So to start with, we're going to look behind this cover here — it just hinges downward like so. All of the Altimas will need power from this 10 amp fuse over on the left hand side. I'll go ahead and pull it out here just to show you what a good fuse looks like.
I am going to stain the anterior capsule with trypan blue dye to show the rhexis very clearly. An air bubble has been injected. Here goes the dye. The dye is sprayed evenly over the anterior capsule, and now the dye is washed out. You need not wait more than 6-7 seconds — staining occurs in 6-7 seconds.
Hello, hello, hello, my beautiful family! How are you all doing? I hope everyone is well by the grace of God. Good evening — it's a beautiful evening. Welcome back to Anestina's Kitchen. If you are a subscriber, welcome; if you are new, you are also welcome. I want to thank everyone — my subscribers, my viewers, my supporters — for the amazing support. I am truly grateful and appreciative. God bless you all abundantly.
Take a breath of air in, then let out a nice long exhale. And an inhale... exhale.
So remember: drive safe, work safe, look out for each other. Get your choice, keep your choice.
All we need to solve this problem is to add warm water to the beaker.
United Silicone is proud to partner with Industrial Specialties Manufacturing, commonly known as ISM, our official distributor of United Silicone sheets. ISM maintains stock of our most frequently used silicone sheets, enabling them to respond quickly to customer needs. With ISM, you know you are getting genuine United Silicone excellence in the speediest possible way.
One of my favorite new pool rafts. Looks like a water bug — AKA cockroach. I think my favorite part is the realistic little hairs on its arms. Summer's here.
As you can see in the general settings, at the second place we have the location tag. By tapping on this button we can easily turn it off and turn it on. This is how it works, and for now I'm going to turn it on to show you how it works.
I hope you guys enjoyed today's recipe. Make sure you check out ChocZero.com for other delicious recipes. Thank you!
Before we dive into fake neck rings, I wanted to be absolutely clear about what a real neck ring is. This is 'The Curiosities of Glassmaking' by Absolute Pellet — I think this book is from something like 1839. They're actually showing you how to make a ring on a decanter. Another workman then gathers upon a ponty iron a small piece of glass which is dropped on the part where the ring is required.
####
▸ **What the task asks**:
In the listing above, find the line that contains "One of my favorite". Write it out exactly, along with each line after it up to and including the last.

▸ **Result for this exercise**:
One of my favorite new pool rafts. Looks like a water bug — AKA cockroach. I think my favorite part is the realistic little hairs on its arms. Summer's here.
As you can see in the general settings, at the second place we have the location tag. By tapping on this button we can easily turn it off and turn it on. This is how it works, and for now I'm going to turn it on to show you how it works.
I hope you guys enjoyed today's recipe. Make sure you check out ChocZero.com for other delicious recipes. Thank you!
Before we dive into fake neck rings, I wanted to be absolutely clear about what a real neck ring is. This is 'The Curiosities of Glassmaking' by Absolute Pellet — I think this book is from something like 1839. They're actually showing you how to make a ring on a decanter. Another workman then gathers upon a ponty iron a small piece of glass which is dropped on the part where the ring is required.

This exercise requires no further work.